Creating Paradise by Cleon Peterson. Photo: Kitmin Lee.
Peterson visited Hong Kong this month for his show “Purity”, a pop-up featuring 20 large-scale acrylic-on-canvas pieces, each raging with violence and brutality. It’s the artist’s second show in the city and the first exhibition managed by Over The Influence, a new Hong Kong organisation focusing on radical and influential contemporary international artists. The show at The Space ends on January 31.

On the day we meet, just before his show’s opening, Peterson is unveiling something else: a huge work on Hollywood Road, his latest fingerprint on the city’s streetscape (he has similar works on lanes off Hollywood Road). An imposing five metres by five metres, the image on Wa Lane on the Sheung Wan end of Hollywood Road, came about thanks to a new initiative by French restaurant La Cantoche, also on Wa Lane, that will make the space available to artists.

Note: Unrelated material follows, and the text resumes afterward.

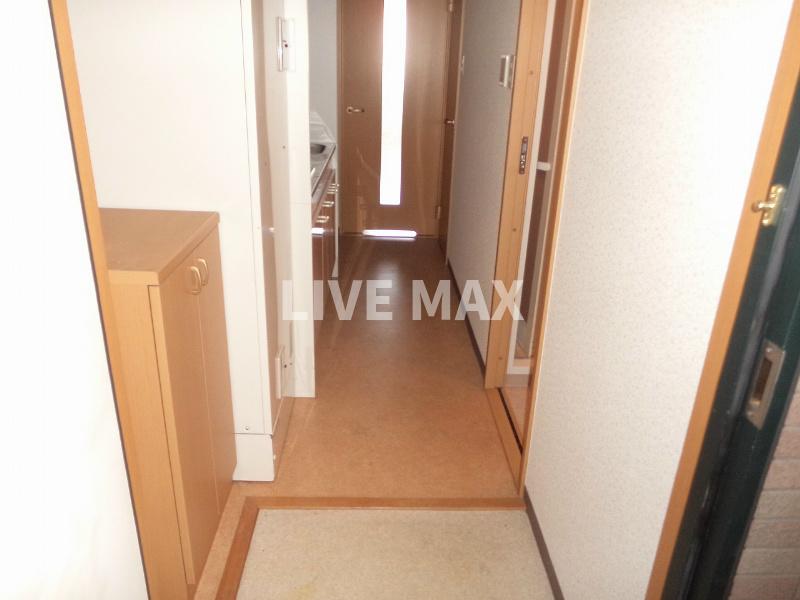 玄関　※別部屋のお写真になります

SEE ALSO: Bao Ho, the queen of Hong Kong’s street art scene

And the wall got an impressive debut. The image shows huge forms intertwined in a violent battle, painted in Peterson’s signature black and white (he occasionally dabbles in angry red). It’s his ability to project such powerful imagery and complex messages using so few colours that has helped him stand out from the crowd. “I call these guys the shadows,” he says taking a step back. “It kind of represents the dark side of all of us.”